Have you ever noticed how simply adding a fresh layer of mulch to a landscape can transform the appearance? Mulch can make even the roughest looking plants and landscape look like someone has spent time keeping it clean and tidy, even if all you did was dump some bags out and spread the mulch around. It’s every gardener and landscaper’s go-to product for an instant face-lift for your yard!
When we talk about mulch giving your yard that instant aesthetic boost, we like to think of that as putting some makeup on the landscape. If you have blemishes or dark spots, make-up will do a great job to cover that up and make the rest of your face shine to overshadow the spots we don’t like. To help the spots we don’t like, it takes skincare products – serums, creams, washes, and all the other lotions and potions we’re always using! Mulch can serve as the make-up for your landscape. It can cover up weedy spaces and distract from unhealthy plants but the issues are still there beneath the new mulch. Looking for the good news? Mulch is actually makeup and skincare all-in-one for our yard! Let’s look at some of the benefits of mulch.
Mulch serves as a little layer of insulation between the soil and the plant roots and the outside environment. This helps to protect the soil, our good soil microbes, and the roots in the soil from extreme temperatures. The roots that actually feed our plants are in the top 2-6 inches of soil and are very fine. On the hottest days, these tiny roots can fry if the soil is exposed and begins to get too warm. In the winter, mulch can keep the soil temperature just a few degrees warmer, protecting some of our more cold sensitive plants from the coldest days. Moderating the soil temperature in extreme conditions keeps the soil healthy and our plant roots thriving.
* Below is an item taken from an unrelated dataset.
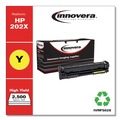 Ink & Toner | Factory Reconditioned Innovera IVRF502X 2500 Page-Yield Remanufactured High-Yield Toner Replacement for 202X (CF502X) - Yellow image number 1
Having a layer of mulch reduces soil water loss due to heat and evaporation. This means we don’t have to water so often and that’s a good thing! Mulch can also help to absorb some water if there’s heavy rainfall and reduce the risk of soil flooding. Keeping soil moisture more stable is also beneficial to the good soil microbes that are essential to having healthy soils.
This benefit is exclusive to wood mulch, straw, pine needles, or other mulches that are made of plant material rather than something like rubber. This is a huge reason why we do not recommend rubber mulch but that is another topic for another day! You’ve probably heard of using compost (broken down organic materials) to enrich your soil. When you use a non-rubber mulch, it will eventually break down, becoming a compost of sorts for your soil! It is like you are getting a slow-release fertilizer included with your mulch. Different types of mulch break down at different rates, each coming with its own pros and cons but as long as it is made from a previously living material, it will eventually break down and provide great benefits to your soil nutrients and structure!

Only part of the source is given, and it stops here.